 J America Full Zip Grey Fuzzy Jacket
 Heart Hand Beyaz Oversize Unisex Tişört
---
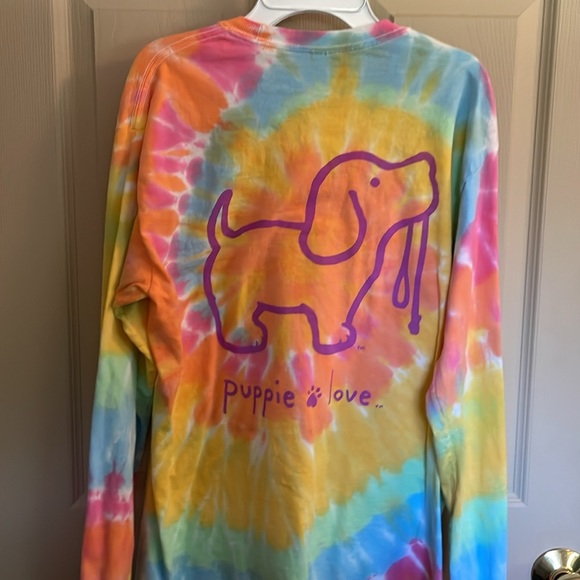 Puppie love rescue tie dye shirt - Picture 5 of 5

Task requirements. An exact, complete copy of the lines above from the one with "J America Full Zip Grey Fuzzy Jacket" through the one with "Heart Hand Beyaz Oversize Unisex Tişört" is the whole answer.

Solution to this exercise.
 J America Full Zip Grey Fuzzy Jacket
 Heart Hand Beyaz Oversize Unisex Tişört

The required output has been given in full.